Thunderbolt adopting USB-C was definitely a clever move for both Thunderbolt and USB. Thunderbolt now effectively becomes a high-end branding for USB while being fully compatible for lower end devices. You're willing to pay more money for simplicity? Go for Thunberbolt. You wanna get an idea for how the next-gen USB will look like? Go for Thunberbolt.
I'd also just say this is a low information environment. Traditionally, we'd rely on the media as a line of defense. Product reviews would tell us who to trust, what the good deals are. We trusted the media to review & find problems & surface issues in the past. But those institutions have undergone enormous revenue crunch, and there's very few left who can really go in depth & do the deep, thorough, intelligent exploration we ought trust them for. Online marketplaces in the world today are bedlam, and there are few trusted authorities. This is a general world condition, but with tech it's extra bad because when things don't work, we almost ever know why/who to blame, it's all just frustrating wizard-shit that's broken & not going, & we are left bereft utterly impotent in the face of these high tech system's mysterious failures.

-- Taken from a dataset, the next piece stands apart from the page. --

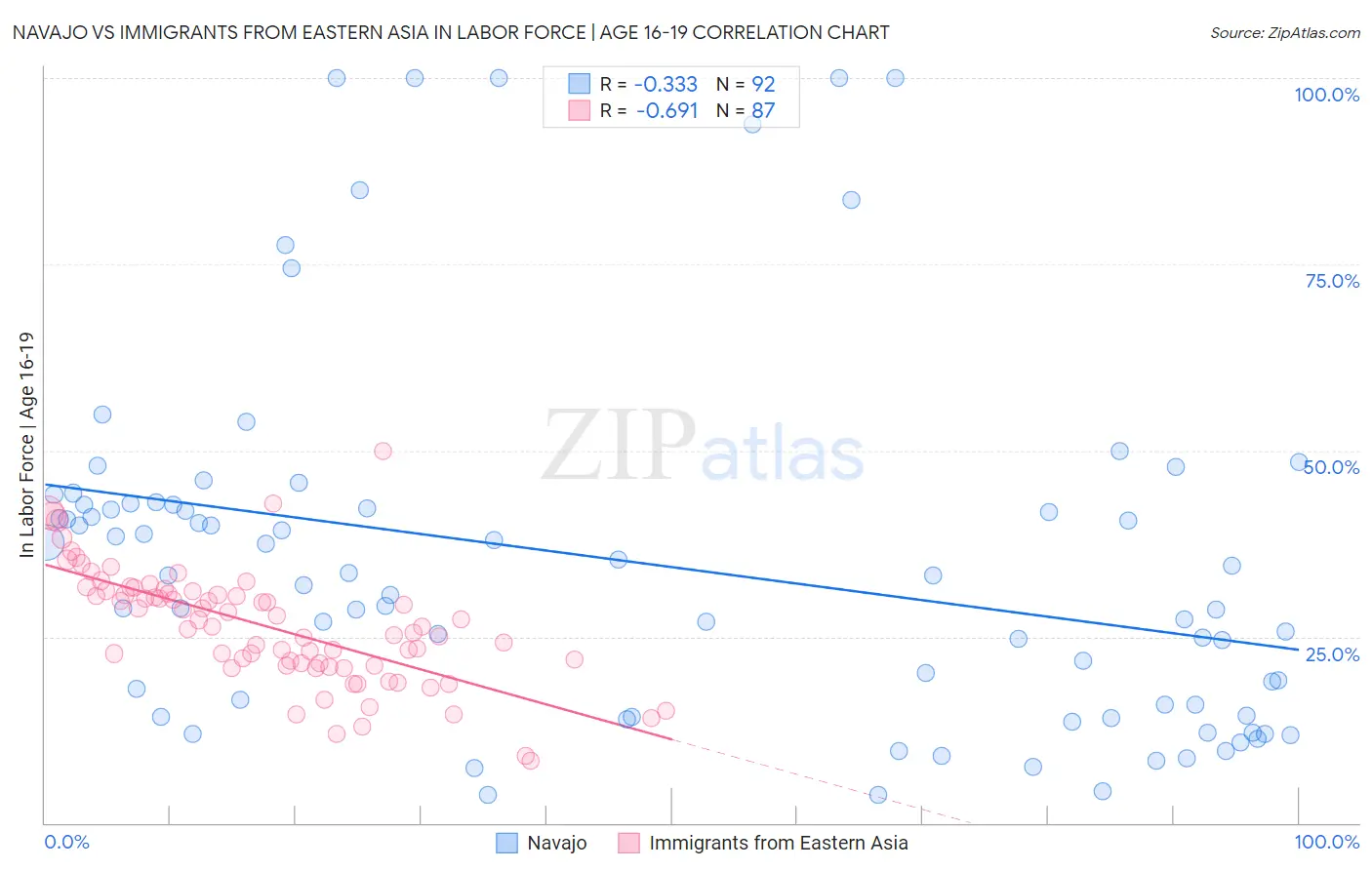 Navajo vs Immigrants from Eastern Asia In Labor Force | Age 16-19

Honestly, I'd prefer not paying for USB-IF certification on my cables, and I don't care that none of the official logos designating certain compliances are met are embossed on my cables. But I also am a geek who will go spend 3 hours to find Benson (alas no longer active) or Linus's in-depth tech reviews[1], and who doesn't mind trying some cables (buy a couple different ones at a time), finding some not working, & returning those, to save a couple bucks at some hassle. For most people: just buy certified gear.
Ok but it is kind of ridiculous that we have to solve the whole "lack of trust in institutions and the media" and also "unreliable global supply chain" problems -- very real things we should be working on, sure -- in order to make sure our laptops charge at full speed reliably, right?

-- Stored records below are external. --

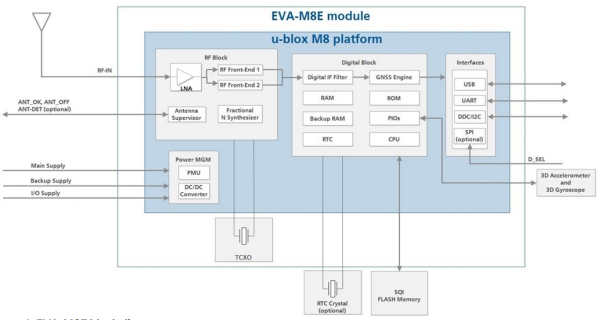 1617952252845900.png image.png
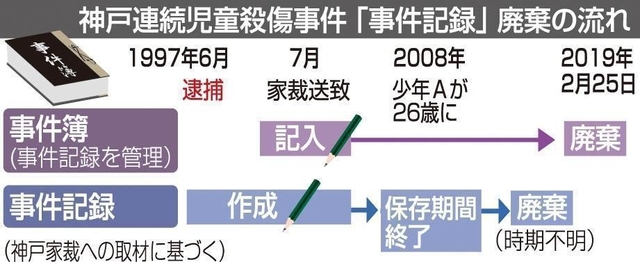 神戸新聞ＮＥＸＴ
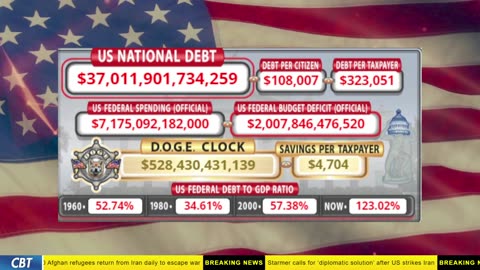 DOGE Clock Live: US Debt Tracker, DOGE Savings & Breaking News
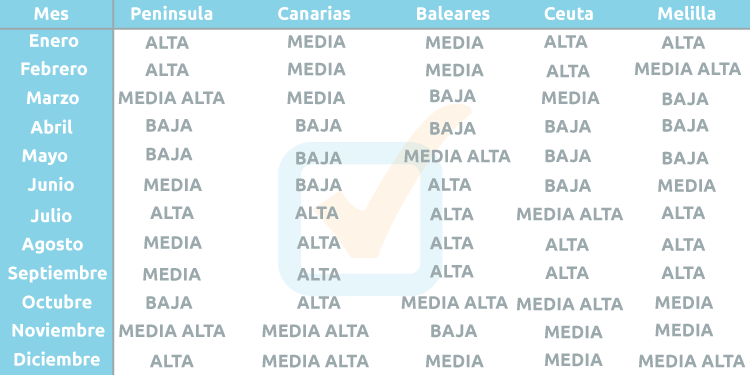 Temporadas eléctricas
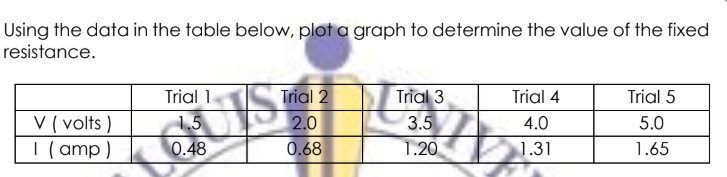 Using the data in the table below, plot a graph to determine the value of the fixed
resistance.
Trial 1.
1.5
0.48
Trial 2
2.0
0.68
Trial 3
3.5
1.20
Trial 4
Trial 5
V ( volts )
I (amp )
4.0
5.0
1.31
1.65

If you're trying to mandate the highest requirements for all manufacturers, then they're going to either not build or not conform simply because it's too expensive. This is an unfortunate consequence of being the universal standard; it's even worse if manufacturers decide to ignore the standard so you gotta try embrace them.

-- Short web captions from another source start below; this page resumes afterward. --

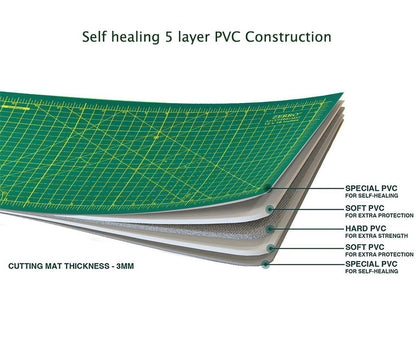 ZERRO Self Healing Cutting Mat 12" x 18" Double Sided No-Slip Rotary Cutting Sewing Mat Durable 5 Layers PVC Cutting Board (A3)…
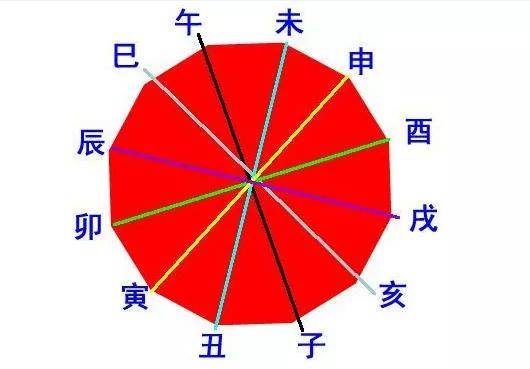 八字相冲就一定不吉吗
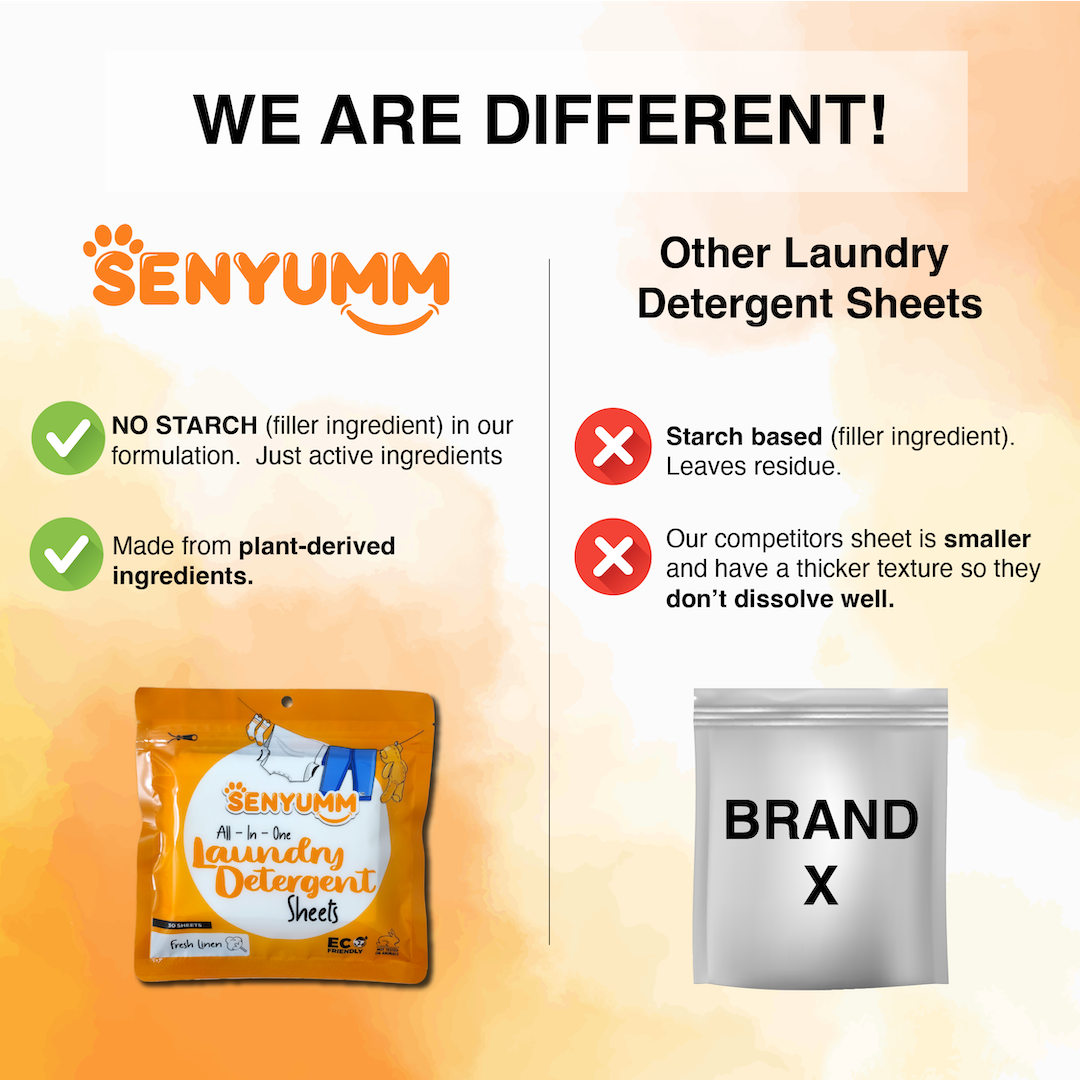 SENYUMM Eco-friendly Laundry Detergent Sheets - Citrus Fresh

Yes, I think iPhone moving to USB-C will make a dent. Currently, nearly half of the mobile ecosystem doesn't work with USB very well and a large portion of them represents a high-end segment which the recent USB standards target for. Also Apple will produce hundreds of millions of high quality USB cables which will help economies of scale.
There is no reason they make the transfer speeds as hard to read/decipher as possible. However there is a reason that features are separated. These do cost money in implementation in regards to the cable, the host, and client.
But we make the up front cost trade-off at the expense of nothing working right. People buy cables or chargers that don't support the right level of charging. Cables work with some monitors but not others. Instead of paying extra for things that just work, we end up paying for impossible-to-distinguish hardware that may or may not work because of some flavor of the spec that doesn't work with the other piece of hardware you're trying to connect it to. A lot of that ends up being instant trash. Genuine, good hardware that is just incompatible is indistinguishable from badly made hardware: to the consumer they both don't work. And so we end up with waste and frustration in the name of saving a few bucks.
The charging situation isn't their fault. USB wasn't designed for it. Non-compliant devices started allowing charging before it was ever permitted. Then they added PD but nobody supported it and manufacturers cooked up their own ad hoc systems to detect a charger.
> The charging situation isn't their fault. USB wasn't designed for it. Non-compliant devices started allowing charging before it was ever permitted.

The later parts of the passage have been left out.